DEMOS for Related Rates
In the gallery of related rate animations we have included three new demos:
<> Filling a conical tank with a fluid. We simultaneously fill the inverted cone
and show a corresponding triangle that simulates the change in height and radius
of the cone of fluid.
<> Searchlight rotates to follow a walker. We show a figure walking at a given
rate and the beam of light following the figure. A triangle with changing
hypotenuse is displayed along with a table of information.
<> Filling a cylindrical tank, two ways. We compare filling a standard cylinder
and the same cylinder laying on its side. As the fluid level rises we display a
table of information about the volume, height of the fluid in each cylinder and
the rate of change of the height in each cylinder. Graphs are also generated.

Matrix Algebra Demos
Nine additional demos have been include in this collection, including
inverse, linear combination, matrix transformations, span, closure and linear
independence/dependence. Some of the demos now include a quiz or exercises to be
done offline. (8/25/2007)

DEMOS for
MAXMIN Problems
In the gallery of many of the demos now have interactive Excel files for
estimating the optimum value. These files can be downloaded for classroom use by
instructor or for student experiments. (6/6/2007)

"Inverse" Box Problems
This demo provides practice with word problems
related to geometric figures. The sequence of "box problems" was designed to
give students practice interpreting the given geometric characteristics of a box
in order to determine the smallest rectangular piece of cardboard from which the
box could be made. We present a sequence of geometric problems in which the
object to be modeled is a
box to be constructed in a particular way from a rectangular piece of
material. Since the
dimensions of the box are specified we are not solving an optimization
problem involving volume, rather we
want to develop an algebraic model that can be used to determine the
dimensions of smallest rectangular piece of cardboard that can be
used to construct the particular box. Only algebra is required. Students must interpret geometric information given for the box in order to
appropriately assign values to portions of the rectangle that circumscribes
the unfolded box. (5/30/2007)

Box
MaxMin Problems
This demo provides practice with optimization
problems related to geometric figures. A sequence of "box problems" is designed
to help students develop an equation for the volume of a box constructed from a
rectangular sheet of cardboard by cutting away portions and folding the
remaining portions to construct a box in a particular way. The equation for the
volume is to be formulated in terms of the dimensions L and W of the piece of
cardboard and a parameter x, often related to the height of box, so that
calculus can be used to determine the value of the parameter that will maximize
the volume. An Excel file accompanies each type of box and provides a geometric
model. The dimensions of the piece of cardboard can be changed and the volume of
the largest box approximated. (5/30/2007) (This is a 'beta' version; please send us comments.)

Trip
Stories
This demo provides students with an
opportunity to interpret graphical information from time vs. velocity graphs in
order to create a story about an auto trip. Students should be familiar with the
concept of the slope of a line segment so that the velocity of an object can
interpreted.
Included is an Excel worksheet with six auto trips represented by time vs.
velocity graphs. The Excel worksheet is compatible with PC and MAC. In addition an
animation in both Flash and QuickTime formats.
(1/28/2007)

Jogger: Time
vs. Distance Graphs
This demo provides students with an
opportunity to use information on average rates of change to create a story
about the workout of a jogger from a time vs. distance graph of the jogger's
run.

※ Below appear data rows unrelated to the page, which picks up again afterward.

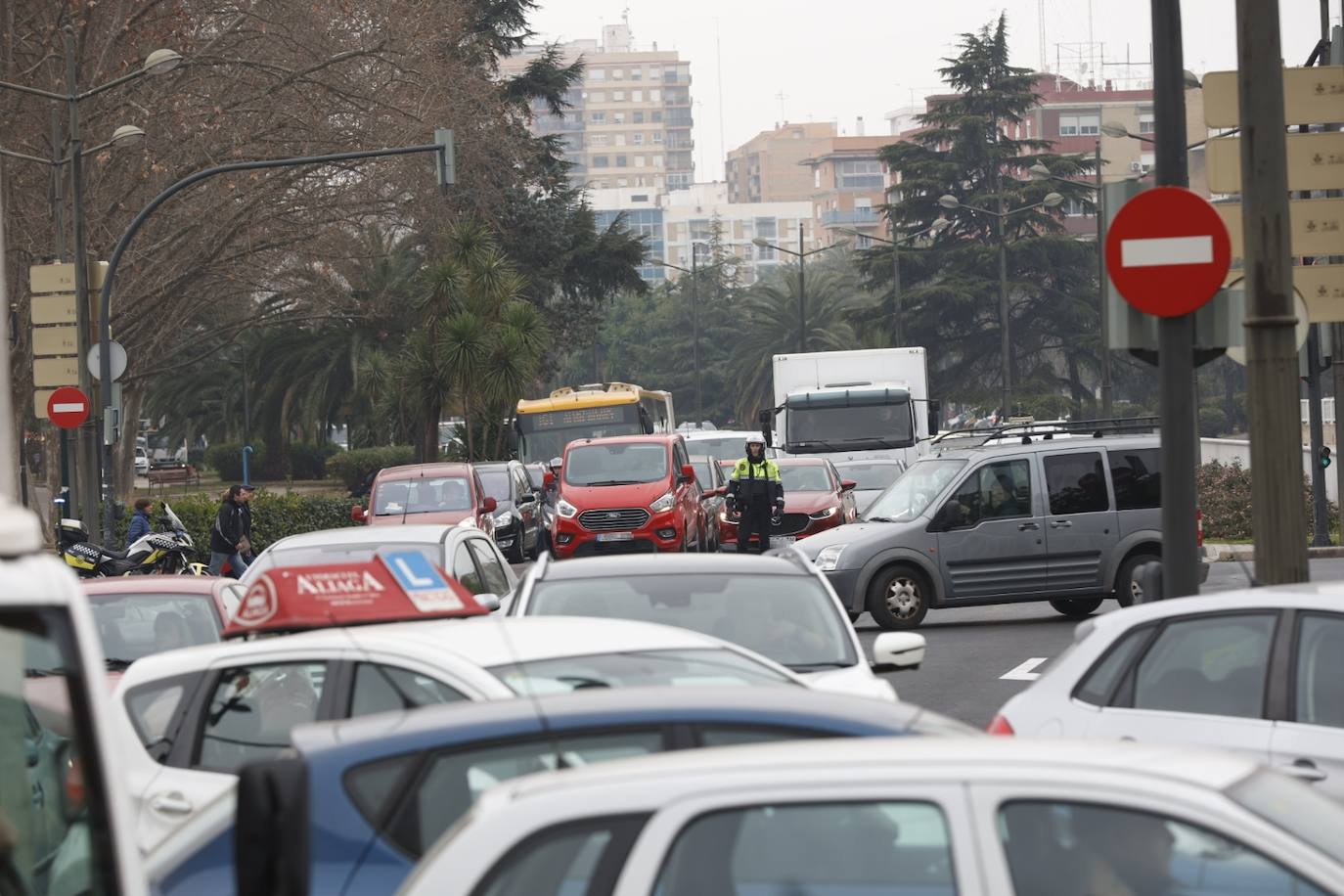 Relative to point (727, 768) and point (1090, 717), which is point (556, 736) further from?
point (1090, 717)

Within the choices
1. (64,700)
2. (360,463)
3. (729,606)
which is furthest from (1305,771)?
(360,463)

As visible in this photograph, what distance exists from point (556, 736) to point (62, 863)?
1369 mm

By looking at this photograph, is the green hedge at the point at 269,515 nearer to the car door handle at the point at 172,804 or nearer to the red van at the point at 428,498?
the red van at the point at 428,498

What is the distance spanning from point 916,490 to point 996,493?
865mm

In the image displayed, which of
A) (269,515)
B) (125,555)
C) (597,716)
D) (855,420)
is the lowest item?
(269,515)

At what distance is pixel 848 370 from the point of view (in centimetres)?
3309

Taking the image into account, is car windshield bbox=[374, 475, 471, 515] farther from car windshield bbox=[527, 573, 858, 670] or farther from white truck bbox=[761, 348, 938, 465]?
car windshield bbox=[527, 573, 858, 670]

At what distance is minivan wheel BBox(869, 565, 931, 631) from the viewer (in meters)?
17.8

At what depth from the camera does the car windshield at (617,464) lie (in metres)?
26.5

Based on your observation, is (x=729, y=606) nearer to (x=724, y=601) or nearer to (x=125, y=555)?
(x=724, y=601)

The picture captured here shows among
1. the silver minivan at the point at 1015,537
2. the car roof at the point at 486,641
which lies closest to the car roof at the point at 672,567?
the car roof at the point at 486,641

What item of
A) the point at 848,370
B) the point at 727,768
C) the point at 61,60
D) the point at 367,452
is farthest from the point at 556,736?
the point at 367,452

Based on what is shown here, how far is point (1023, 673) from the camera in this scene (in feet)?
47.5

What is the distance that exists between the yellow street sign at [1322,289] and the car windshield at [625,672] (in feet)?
28.6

Students should be familiar with the concept of slope of a line, computing the slope of a line,
and average rate of change.
Included is an Excel worksheet with six jogger paths. The Excel worksheet is
compatible with PC and MAC. In addition an
animation with audio in both Flash and QuickTime formats.
(1/11/2007)

Sketch the Function from a Sketch of its Derivative
This demo provides instructors with
interactive examples for the classroom or student assignments that ask for a
sketch of a function given a sketch of its derivative. Techniques for
determining the type of sketch to generate, animations (using Flash and QuickTime), and 10 Excel routines which
the derivative of a curve and simultaneously
generate 3 possible sketches for the function are included. (1/2/2007)

Sketch the Derivative
This demo provides instructors with
interactive examples for the classroom or student assignments involving
functions for which students are asked to sketch the derivative. Techniques for
determining the type of sketch to generate, animations (using Flash and
QuickTime), and 10 Excel routines which sketch a curve and simultaneously
generate 3 possible sketches for the derivative are included. (12/29/2006)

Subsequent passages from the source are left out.